In the third and final installment of my three-part series analyzing the MLB MVP races, I discuss what stats are most important in determining who wins the award, and introduce my predictive model. Apologies in advance for this being a little statistically “in the weeds”, I find it interesting, but then again, I am kind of a nerd.
About the Approach
I looked at individual-season data of all players with a single-season Wins Above Replacement (WAR) of at least 4.9 over the past 30 years.1 Why 4.9, you ask? I chose 4.9 as it represents three standard deviations below the average WAR of any player to win MVP since WAR became a statistic on Baseball Reference in 2009. In the past 30 years, only Justin Morneau has won the MVP with a lower WAR (4.3 in 2006). I separated out position players and pitchers due to the fact that they are measured by very different statistics, for the most part. Then, I ran logistic regression models for each, using a stepwise approach to select the most important variables. What ultimately resulted were the probabilities that each player would win the MVP based solely on their stats. The models were highly accurate, with the position player model generating an accuracy of 95.2%, a sensitivity (true-positive rate, or rate of actual MVP’s correctly identified as winning MVP) of 92.3%, and specificity (true-negative rate, or rate of non-MVP’s correctly identified as not winning the award) of 96.0%. For pitchers, I expanded the scope to include data since 1961 (the start of the Expansion Era in baseball), as only 7 full-time starting pitchers have won MVP in that timespan. This model came out with a 100% accuracy, likely due to the highly disproportionate number of non-MVPs versus MVPs.2 To find the probability of each player winning MVP in their respective season, these percentages were normalized to be relative to the rest of their league in that year, so all percentages summed to 100%. For example, in a situation where a league had two players having stellar seasons, their respective probabilities would be lower than if there was just one superstar head-and-shoulders above the rest.

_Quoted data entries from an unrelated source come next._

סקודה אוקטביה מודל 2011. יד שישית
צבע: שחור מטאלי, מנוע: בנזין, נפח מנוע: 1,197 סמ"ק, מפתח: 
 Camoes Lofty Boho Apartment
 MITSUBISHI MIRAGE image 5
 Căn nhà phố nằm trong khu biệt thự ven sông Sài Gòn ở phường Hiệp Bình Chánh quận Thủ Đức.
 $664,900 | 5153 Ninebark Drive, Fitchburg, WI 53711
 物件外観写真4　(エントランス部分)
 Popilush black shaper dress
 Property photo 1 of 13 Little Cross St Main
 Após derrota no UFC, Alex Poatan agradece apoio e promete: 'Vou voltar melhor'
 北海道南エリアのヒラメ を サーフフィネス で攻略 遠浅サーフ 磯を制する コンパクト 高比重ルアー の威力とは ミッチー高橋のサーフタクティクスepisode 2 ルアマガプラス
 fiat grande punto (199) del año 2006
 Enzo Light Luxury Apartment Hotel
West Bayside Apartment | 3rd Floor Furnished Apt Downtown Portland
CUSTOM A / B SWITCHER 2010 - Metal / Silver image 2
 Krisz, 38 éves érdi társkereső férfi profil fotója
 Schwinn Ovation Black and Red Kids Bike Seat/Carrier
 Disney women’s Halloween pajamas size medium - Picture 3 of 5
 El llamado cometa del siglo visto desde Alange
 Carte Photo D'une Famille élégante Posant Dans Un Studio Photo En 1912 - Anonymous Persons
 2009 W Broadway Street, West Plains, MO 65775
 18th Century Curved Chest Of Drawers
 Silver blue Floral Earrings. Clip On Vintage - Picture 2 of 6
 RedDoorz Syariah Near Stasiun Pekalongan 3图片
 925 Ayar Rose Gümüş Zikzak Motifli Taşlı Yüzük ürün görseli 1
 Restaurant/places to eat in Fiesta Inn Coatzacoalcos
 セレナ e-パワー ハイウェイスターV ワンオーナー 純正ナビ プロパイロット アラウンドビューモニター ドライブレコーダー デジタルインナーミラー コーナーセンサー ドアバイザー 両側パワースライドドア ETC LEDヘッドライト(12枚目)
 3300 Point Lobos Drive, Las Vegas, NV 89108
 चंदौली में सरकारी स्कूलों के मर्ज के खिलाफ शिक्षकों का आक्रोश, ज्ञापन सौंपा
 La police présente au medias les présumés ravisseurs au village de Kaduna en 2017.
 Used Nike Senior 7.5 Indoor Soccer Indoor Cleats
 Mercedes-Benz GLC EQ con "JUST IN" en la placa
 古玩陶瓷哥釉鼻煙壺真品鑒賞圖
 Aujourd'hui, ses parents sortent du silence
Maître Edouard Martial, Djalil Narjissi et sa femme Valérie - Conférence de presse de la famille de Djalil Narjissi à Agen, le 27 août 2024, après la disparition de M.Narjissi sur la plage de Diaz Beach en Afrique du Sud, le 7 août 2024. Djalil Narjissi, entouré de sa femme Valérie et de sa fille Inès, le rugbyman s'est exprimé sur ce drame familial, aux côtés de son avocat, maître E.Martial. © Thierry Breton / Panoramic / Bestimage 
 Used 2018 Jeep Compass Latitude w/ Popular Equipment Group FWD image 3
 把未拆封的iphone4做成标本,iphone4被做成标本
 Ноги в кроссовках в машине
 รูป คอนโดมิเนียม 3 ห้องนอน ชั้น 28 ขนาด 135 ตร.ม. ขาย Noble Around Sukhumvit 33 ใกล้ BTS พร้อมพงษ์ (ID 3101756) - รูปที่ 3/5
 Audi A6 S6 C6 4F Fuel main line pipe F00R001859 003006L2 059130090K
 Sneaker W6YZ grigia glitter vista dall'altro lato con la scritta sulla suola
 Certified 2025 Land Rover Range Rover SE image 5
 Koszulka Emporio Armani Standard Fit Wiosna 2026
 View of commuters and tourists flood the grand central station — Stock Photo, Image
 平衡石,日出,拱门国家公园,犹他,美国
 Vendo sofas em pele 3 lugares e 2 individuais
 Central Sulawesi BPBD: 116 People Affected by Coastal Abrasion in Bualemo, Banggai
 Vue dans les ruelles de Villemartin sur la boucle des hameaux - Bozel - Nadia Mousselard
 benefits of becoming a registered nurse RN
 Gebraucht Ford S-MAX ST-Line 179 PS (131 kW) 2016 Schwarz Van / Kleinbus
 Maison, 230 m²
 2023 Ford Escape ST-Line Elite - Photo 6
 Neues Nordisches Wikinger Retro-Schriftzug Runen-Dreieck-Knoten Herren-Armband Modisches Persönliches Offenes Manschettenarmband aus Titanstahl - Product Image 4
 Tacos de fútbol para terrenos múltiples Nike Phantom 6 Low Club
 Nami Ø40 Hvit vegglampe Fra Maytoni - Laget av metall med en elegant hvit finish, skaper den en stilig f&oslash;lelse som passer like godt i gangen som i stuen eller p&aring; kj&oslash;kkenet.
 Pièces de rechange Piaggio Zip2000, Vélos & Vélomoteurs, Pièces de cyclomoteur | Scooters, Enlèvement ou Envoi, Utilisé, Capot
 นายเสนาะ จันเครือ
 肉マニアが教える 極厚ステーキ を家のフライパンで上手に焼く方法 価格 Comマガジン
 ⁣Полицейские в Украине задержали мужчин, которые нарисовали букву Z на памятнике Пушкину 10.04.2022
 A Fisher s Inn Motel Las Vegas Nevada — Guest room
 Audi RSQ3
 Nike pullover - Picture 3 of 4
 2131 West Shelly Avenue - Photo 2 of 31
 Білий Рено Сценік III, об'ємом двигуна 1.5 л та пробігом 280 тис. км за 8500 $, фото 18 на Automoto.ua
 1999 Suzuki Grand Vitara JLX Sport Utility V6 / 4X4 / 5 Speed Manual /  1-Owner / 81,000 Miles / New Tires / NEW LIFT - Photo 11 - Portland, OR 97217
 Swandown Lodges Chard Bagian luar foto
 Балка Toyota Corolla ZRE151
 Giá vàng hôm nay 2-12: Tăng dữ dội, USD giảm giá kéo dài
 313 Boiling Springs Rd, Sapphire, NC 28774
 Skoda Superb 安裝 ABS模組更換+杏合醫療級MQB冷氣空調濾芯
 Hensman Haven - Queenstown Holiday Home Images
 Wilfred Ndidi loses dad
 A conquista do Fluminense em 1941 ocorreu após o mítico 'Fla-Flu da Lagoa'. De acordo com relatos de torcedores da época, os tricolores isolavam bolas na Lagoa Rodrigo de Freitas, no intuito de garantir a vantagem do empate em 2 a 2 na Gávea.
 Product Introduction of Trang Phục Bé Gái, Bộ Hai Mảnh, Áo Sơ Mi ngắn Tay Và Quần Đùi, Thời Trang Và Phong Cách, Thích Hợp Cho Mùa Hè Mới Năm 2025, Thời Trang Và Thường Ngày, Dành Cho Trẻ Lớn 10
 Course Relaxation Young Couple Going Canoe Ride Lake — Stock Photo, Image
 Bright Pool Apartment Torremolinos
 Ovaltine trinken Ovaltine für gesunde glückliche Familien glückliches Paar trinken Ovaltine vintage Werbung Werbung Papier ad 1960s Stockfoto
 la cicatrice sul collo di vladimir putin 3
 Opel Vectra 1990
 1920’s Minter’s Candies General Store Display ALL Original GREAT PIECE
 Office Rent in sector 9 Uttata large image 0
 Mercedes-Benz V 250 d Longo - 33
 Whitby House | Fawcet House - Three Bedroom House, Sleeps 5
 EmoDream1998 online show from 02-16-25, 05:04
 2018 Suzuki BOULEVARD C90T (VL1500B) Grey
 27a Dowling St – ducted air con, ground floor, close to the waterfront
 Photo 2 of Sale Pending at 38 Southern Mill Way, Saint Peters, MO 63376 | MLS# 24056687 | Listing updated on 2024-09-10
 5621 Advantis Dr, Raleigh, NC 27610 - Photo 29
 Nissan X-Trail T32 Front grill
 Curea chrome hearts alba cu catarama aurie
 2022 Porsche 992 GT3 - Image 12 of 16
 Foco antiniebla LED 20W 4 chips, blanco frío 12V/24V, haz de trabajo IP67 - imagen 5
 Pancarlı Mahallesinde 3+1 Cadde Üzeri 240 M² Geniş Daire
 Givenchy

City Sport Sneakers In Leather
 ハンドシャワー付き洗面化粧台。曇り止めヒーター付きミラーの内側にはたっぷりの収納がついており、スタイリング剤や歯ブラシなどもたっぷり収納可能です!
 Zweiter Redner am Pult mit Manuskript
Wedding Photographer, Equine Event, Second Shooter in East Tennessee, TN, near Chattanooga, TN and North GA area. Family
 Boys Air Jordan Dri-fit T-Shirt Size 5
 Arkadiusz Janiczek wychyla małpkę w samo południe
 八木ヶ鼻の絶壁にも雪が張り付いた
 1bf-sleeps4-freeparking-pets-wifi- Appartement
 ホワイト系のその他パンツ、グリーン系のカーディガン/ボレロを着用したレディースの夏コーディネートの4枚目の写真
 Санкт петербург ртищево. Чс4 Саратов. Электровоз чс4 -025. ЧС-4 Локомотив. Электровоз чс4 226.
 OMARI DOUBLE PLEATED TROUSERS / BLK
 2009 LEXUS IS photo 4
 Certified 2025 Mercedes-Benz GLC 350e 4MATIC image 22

Important Factors Determining an MVP
For position players, the model selected Plate Appearances, Runs, Hits, Singles, Doubles, Triples, Stolen Bases, Walks, OPS+, WAR, Wins Above Average (WAA), oWAR (Offensive WAR), dWAR (Defensive WAR), Batting Runs (Rbat), and Rbaser+Rdp (Baserunning Runs plus Double-Play Runs) to be the predictors. You can click the links attached to some of the more advanced statistics to read more about them. Using the coefficients generated form the Logistic Regression, I found the relative importance of each of these factors.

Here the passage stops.